(WHTM) — WellSpan Pediatric Medicine Physicians across the Midstate are seeing COVID-19 infections this week. Patients are presenting with either cold or stomach bug symptoms, including nausea, vomiting and diarrhea.
They’re also seeing viral colds that are not COVID-19, the flu and viral rashes.
Get daily news, weather, breaking news, and sports alerts straight to your inbox! Sign up for the abc27 newsletters here.
Penn Medicine Lancaster General Health Physicians Roseville Pediatrics reports a lot of nausea, vomiting and belly pain this week. This has been due to COVID-19 as well as strep throat and a stomach bug.
They also saw a lot of fevers; many from omicron and others from non-COVID viral illnesses.
They have also seen more croup, and croup has been a more commonly seen issue in toddlers with omicron than with prior strains of COVID.
Dr. Joan Thode offered the following advice about croup:
“Croup is a condition where a virus causes inflammation of the muscles attached to the vocal cords, causing them to become locked in a closed or nearly closed position. The child must breathe through a much smaller hole, which can give the sense of not being able to ‘get the air in.’ The cough of croup is very voice-like and barky because the fast bursts of air are pushed between the closed vocal cords, causing them to vibrate. The classic cough of croup sounds like a seal bark.

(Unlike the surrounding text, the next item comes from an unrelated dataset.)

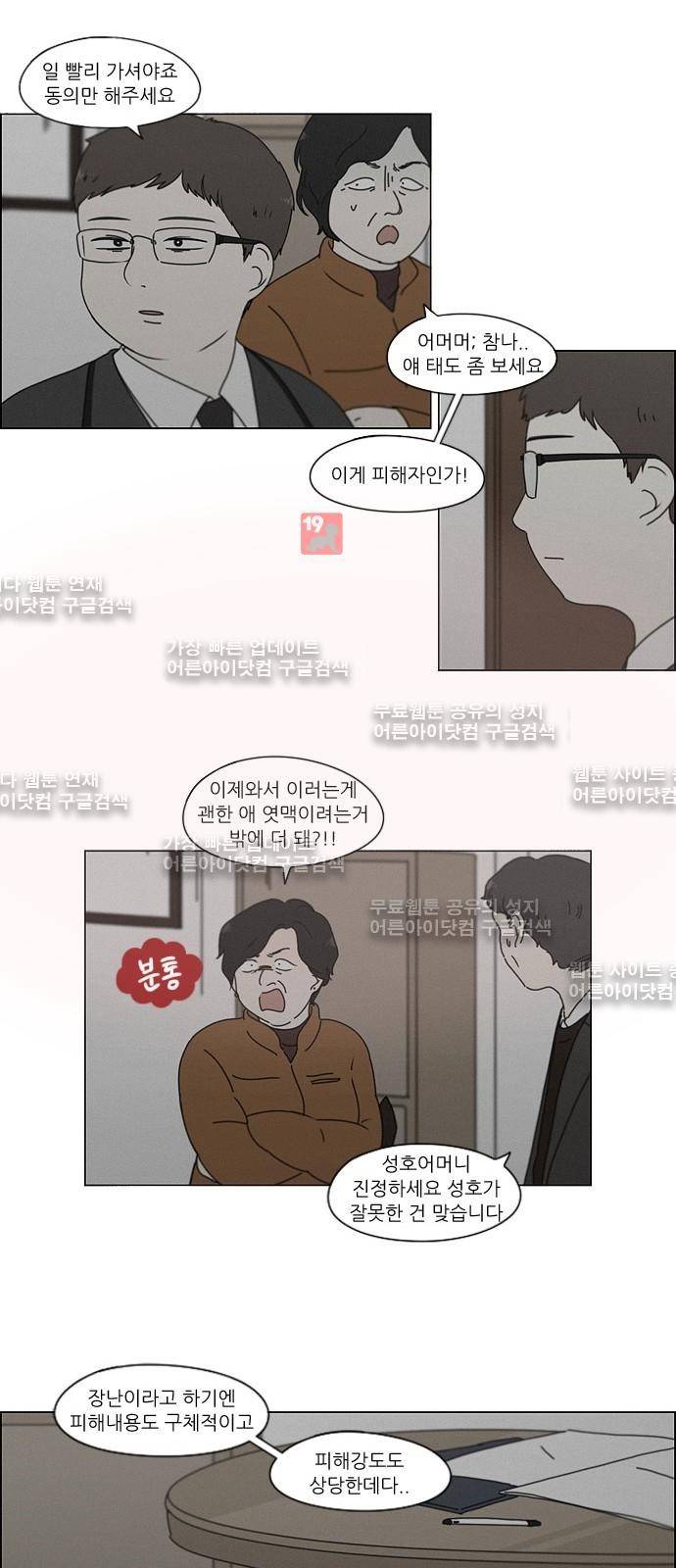 연애혁명 178화 7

Croup does not always need to be treated. If the child can remain calm and keep their breathing under control, observation and supportive care during the viral symptoms are all that is needed. But if the croup is severe and the breathing space between the vocal cords is very small, steroids are sometimes needed to acutely relieve the inflammation and open the space between the cords.

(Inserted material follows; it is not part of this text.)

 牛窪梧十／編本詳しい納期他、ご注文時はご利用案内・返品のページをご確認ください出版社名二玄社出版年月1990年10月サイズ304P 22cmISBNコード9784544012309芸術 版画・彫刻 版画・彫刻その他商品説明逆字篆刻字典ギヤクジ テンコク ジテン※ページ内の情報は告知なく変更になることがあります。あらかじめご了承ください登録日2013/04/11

Interestingly, warm, moist air and cold, dry air can sometimes also relieve some of the inflammation at the vocal cords. We, therefore, suggest that a child with croup be taken into a steamy bathroom or have their face positioned at the door of a freezer to help relieve symptoms.
Croup is most often experienced by kids younger than six. Older kids tend not to get croup because the diameter of their airway increases as they grow and isn’t as affected by the inflammation. Croup also notoriously worsens at night, so if your child is showing some signs during the day, it’s recommended that you have them evaluated or at least make your pediatrician aware.”
This week pediatricians at Penn State Health are seeing a lot of COVID-19, colds, RSV, strep throat, bronchitis and the stomach bug.